There has long been debate over lobsters’ ability to feel pain, primarily as a result of the controversial cooking method of boiling or steaming them alive. Numerous countries have banned the practice, requiring that the crustaceans be killed first by stabbing them in the head or electrocuting them before cooking.
But the owner of a lobster restaurant in Southwest Harbor, Maine has a different idea for making the execution more humane, rooted in compassion and the fact that lobsters have been found to have an endocannabinoid system.
As an experiment, Charlotte Gill, owner of Charlotte’s Legendary Lobster Pound, placed a lobster named Roscoe into a covered box with a few inches of water before blowing cannabis smoke inside.
Afterward, Gill removed the rubber bands from Roscoe’s claws and kept them off for three weeks, watching for adverse effects.
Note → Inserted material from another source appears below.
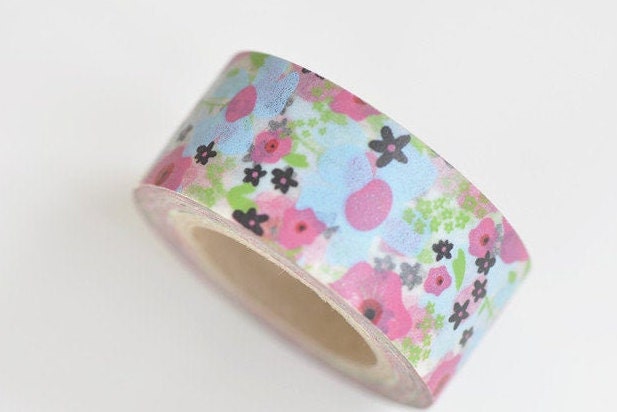 Flower Washi Tape Japanese Masking Tape 20mm x 5M Roll No.12751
During that time, the lobster did not wield his claws as weapons and seemed to have an impact on the other lobsters in the tank.
Following the experiment, Gill released Roscoe back into the ocean.
Gill holds a medicinal cannabis caregiver license and plans to sedate all lobsters with personally-grown cannabis during the next season while still offering customers the option of choosing the traditional cooking method.
For anyone wondering if the process turns the lobster into an edible, Gill says that it does not, due to the fact that THC breaks down completely at 392°, and the temperature during the steaming reaches 420°.
“The difference it makes within the meat itself is unbelievable,” Gill told the Mount Desert Islander. “Everything you put in your body is energy.”
Under new procedures researched and developed by Gill and her employees, a larger tank will be used to hold lobsters while cannabis smoke is pumped into the water to sedate them before steaming and picking.